|
I'm not a gamedev, but I do a lot of numerical work. GPUs are great, but they're no replacement for SIMD. For example, I just made a little example on my desktop where I summed up 256 random Float32 numbers, and doing it in serial takes around 152 nanoseconds, whereas doing it with SIMD took just 10 nanoseconds. Doing the exact same thing with my GPU took 20 microseconds, so 2000x slower: julia> using CUDA, SIMD, BenchmarkTools
julia> function vsum(::Type{Vec{N, T}}, v::Vector{T}) where {N, T}
s = Vec{N, T}(0)
lane = VecRange{N}(0)
for i ∈ 1:N:length(v)
s += v[lane + i]
end
sum(s)
end;
julia> let L = 256
print("Serial benchmark: "); @btime vsum(Vec{1, Float32}, v) setup=(v=rand(Float32, $L))
print("SIMD benchmark: "); @btime vsum(Vec{16, Float32}, v) setup=(v=rand(Float32, $L))
print("GPU benchmark: "); @btime sum(v) setup=(v=CUDA.rand($L))
end;
Serial benchmark: 152.239 ns (0 allocations: 0 bytes)
SIMD benchmark: 10.359 ns (0 allocations: 0 bytes)
GPU benchmark: 19.917 μs (56 allocations: 1.47 KiB)
The reason for that is simply that it just takes that long to send data back and forth to the GPU and launch a kernel. Almost none of that time was actually spent doing the computation. E.g. here's what that benchmark looks like if instead I have 256^2 numbers: julia> let L = 256^2
print("Serial benchmark: "); @btime vsum(Vec{1, Float32}, v) setup=(v=rand(Float32, $L))

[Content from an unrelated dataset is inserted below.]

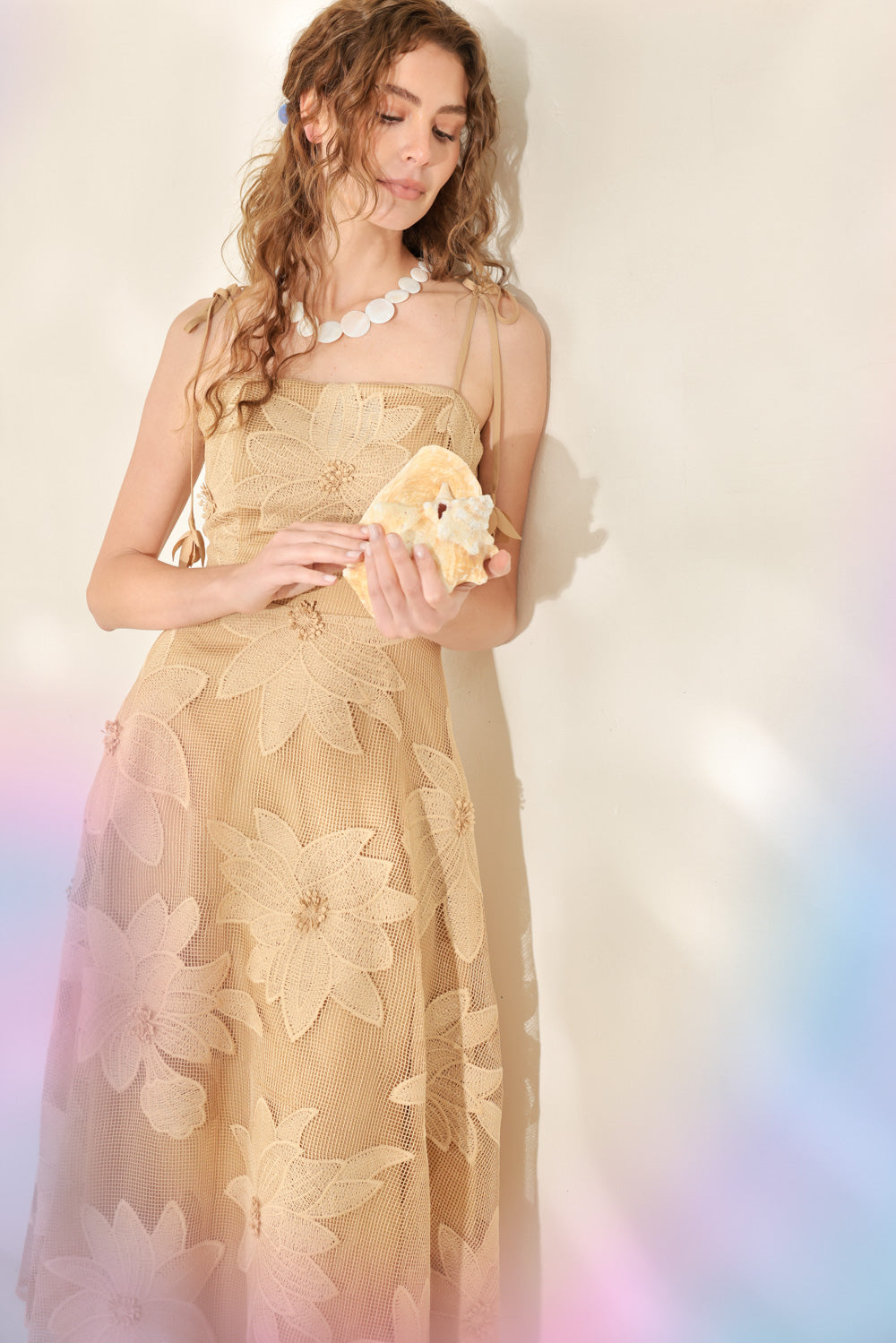 Sahara Sands Floral Lace Midi Dress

print("SIMD benchmark: "); @btime vsum(Vec{16, Float32}, v) setup=(v=rand(Float32, $L))
print("GPU benchmark: "); @btime sum(v) setup=(v=CUDA.rand($L))
end;
Serial benchmark: 42.370 μs (0 allocations: 0 bytes)
SIMD benchmark: 2.669 μs (0 allocations: 0 bytes)
GPU benchmark: 27.592 μs (112 allocations: 2.97 KiB)
so we're now at the point where the GPU is faster than serial, but still slower than SIMD. If we go up to 256^3 numbers, now we're able to see a convincing advantage for the GPU: julia> let L = 256^3
print("Serial benchmark: "); @btime vsum(Vec{1, Float32}, v) setup=(v=rand(Float32, $L))
print("SIMD benchmark: "); @btime vsum(Vec{16, Float32}, v) setup=(v=rand(Float32, $L))
print("GPU benchmark: "); @btime sum(v) setup=(v=CUDA.rand($L))
end;
Serial benchmark: 11.024 ms (0 allocations: 0 bytes)
SIMD benchmark: 2.061 ms (0 allocations: 0 bytes)
GPU benchmark: 353.119 μs (113 allocations: 2.98 KiB)
So the lesson here is that GPUs are only worth it if you actually have enough data to saturate the GPU, but otherwise you're way better off using SIMD.GPUs are also just generally a lot more limiting than SIMD in many other ways. |
> GPUs are also just generally a lot more limiting than SIMD in many other ways.
What do you mean? (besides things like CUDA being available only on Nvidia/fragmentation issues.)